Pearl couldn't believe how fast five weeks went by.

Each week passed in a blink of an eye, their numbers diminishing as what remained of Pink Diamond’s regime were sent out into the wasteland. Pearl recalled the escorts that would take them away; all hardy, loud people clad in rusted metal armors and tattered leathers. She inwardly shuddered at their uncleanliness and wondered how they could live that way, caked with grime and blood and stinking of death. The sun beamed down on her back, flushing her skin red and dotting it with beads of sweat. Bullets slipped out of her clammy hands, and she wanted to cry out in frustration as they knocked against the perfectly organized piles and sent the rest of the bullets rolling across the table.

She reached for the bullets again, grasping onto them firmly as she cleared the table and started another pile.

"34." Pearl instinctively straightened from her hunched position. She turned her head towards her diamond.

"Yes?"

"Your assigned guard will be here soon. Get your stuff together." Pink Diamond's tone was monotonous. Pearl cringed away at the thought of being sent out, of having to go away from her diamond and her old home. She set a bullet down in its caliber group, clasping thin fingers together and resting them in front of her.

"My diamond," Pearl started, drawing her bottom lip between her teeth. "Are you sure I can't travel with you?"

"My decision is final, 34" She spat her number with a small amount of disdain. Pearl shrunk away, eyes casting aside “I am being hunted down; having you with me is a risk I do not want to take. You are expendable, I am not." Pearl nodded, cheeks blooming with red.

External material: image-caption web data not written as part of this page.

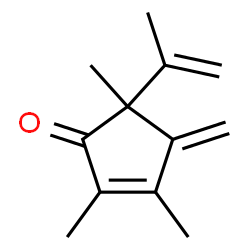 2,3,5-Trimethyl-4-methylene-5-(1-methylvinyl)-2-cyclopenten-1-one结构式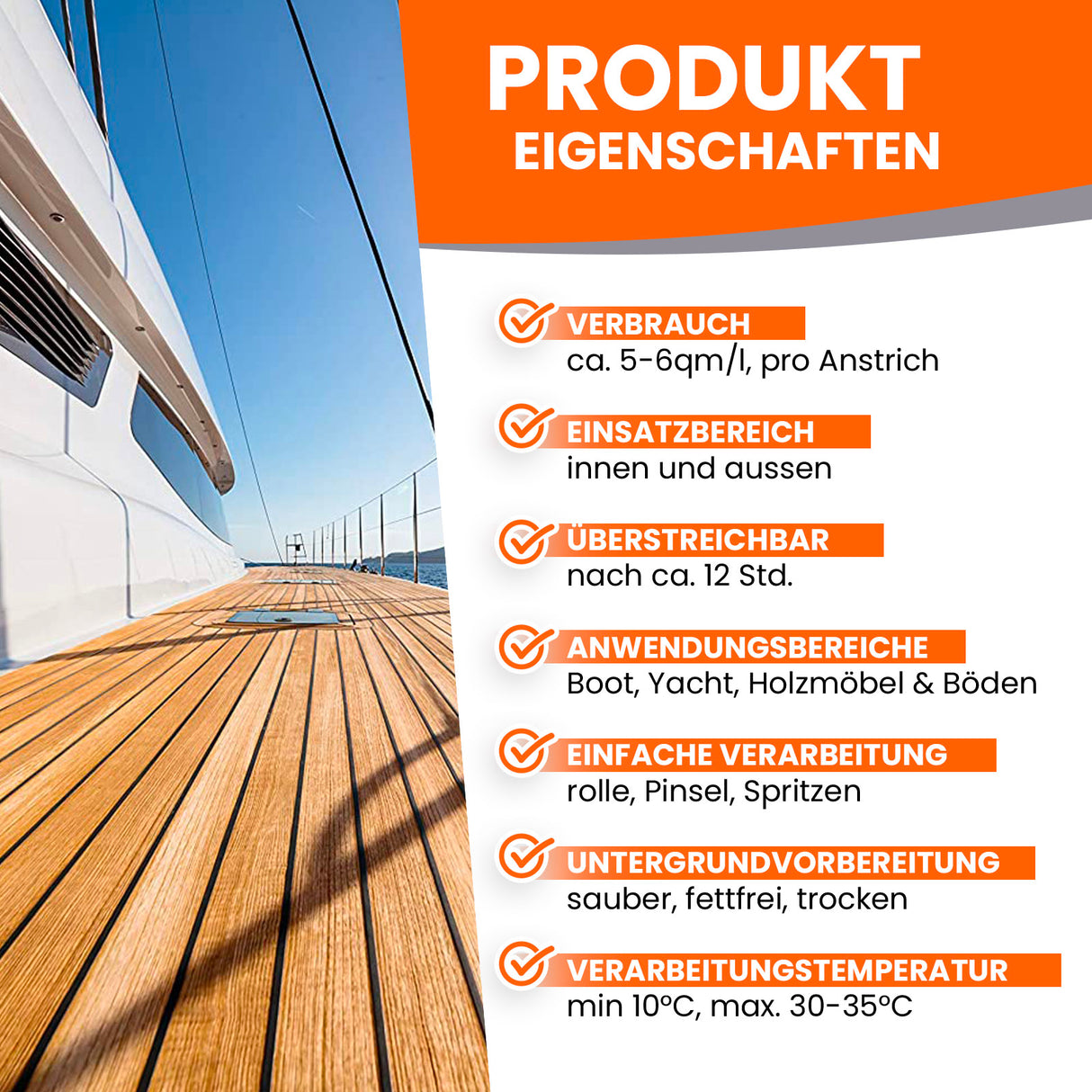 Bootsdeck mit Produkteigenschaften-Text.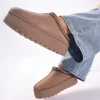 Online Nutmeg Faux Fur Lined Platform Mules Flats | Mules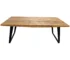 63-inch solid wood dining table with black iron sled base in natural oak finish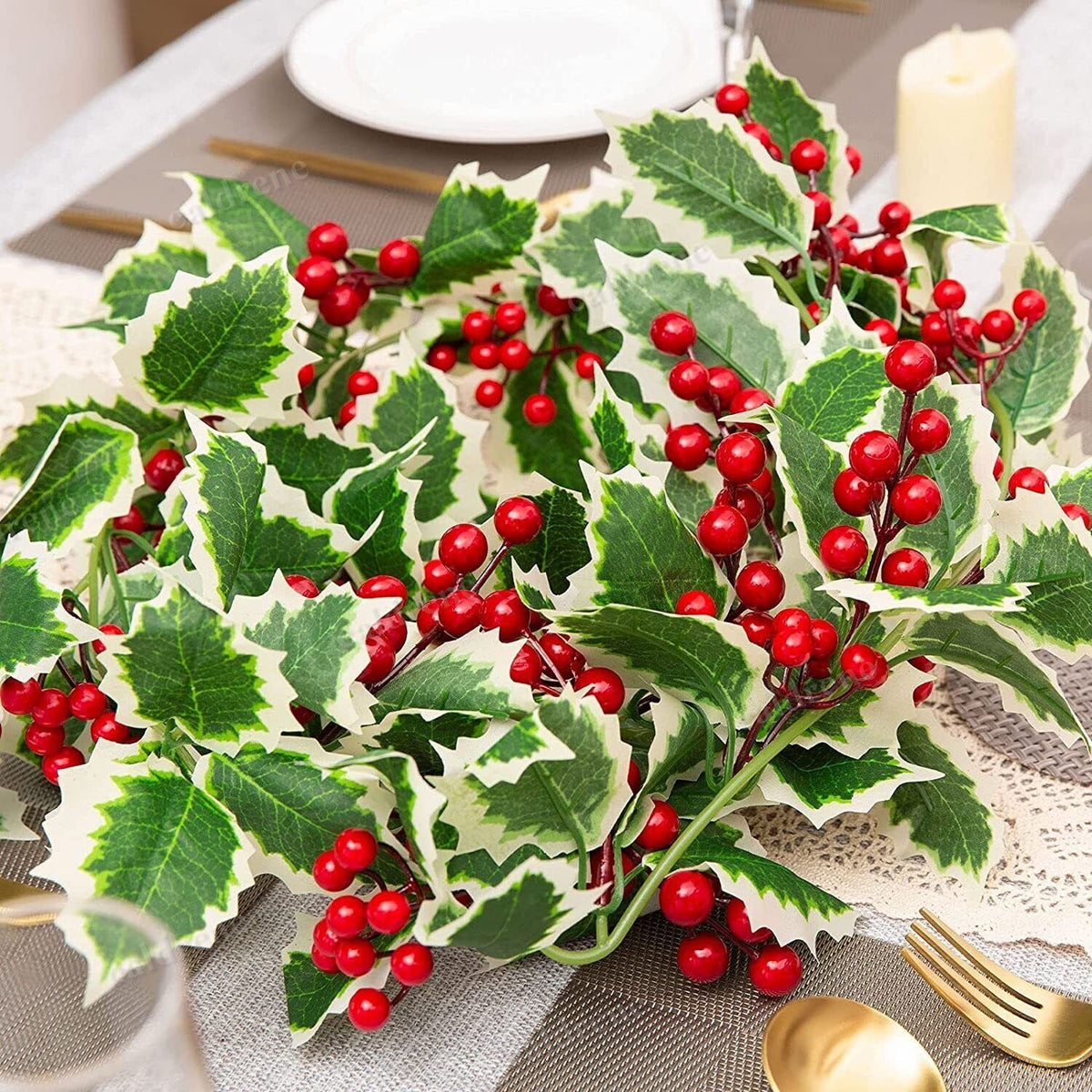 Lighted Holly Berry Christmas Garland, 6 ft – view 6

"I understand my diamond." She reached for another bullet, fiddling with it. "Will you be safe?" Her diamond laughs at the question. An actual full-throated laugh that made her shrink away even more from the taller woman. Diamond-shaped pupils bore holes into Pearl's back.

"Of course I will be; Yellow Diamond has sent her two best Topaz's. Don't ask something so stupid again; you were not programed to do so." Pink Diamond turned away from her and walked back to her tent. Pearl willed the embarrassed flush away, but it stayed on her freckled cheeks. She set the bullet in her hand down with its group and began to count them. Two gloved hands slammed down in front of her, scattering bullets across the table once more.

"Whatcha doing Pearl-girl?" Pearl jumped away from the voice, looking up to meet the grinning face of S.

"Um, hello?" She scooted her chair away from the woman. S placed a hand down on its rest, keeping Pearl from moving it any further. She plucked a .22 cal bullet from a scattered pile, turning it to and fro as she examined it. A laugh spilled from her lips.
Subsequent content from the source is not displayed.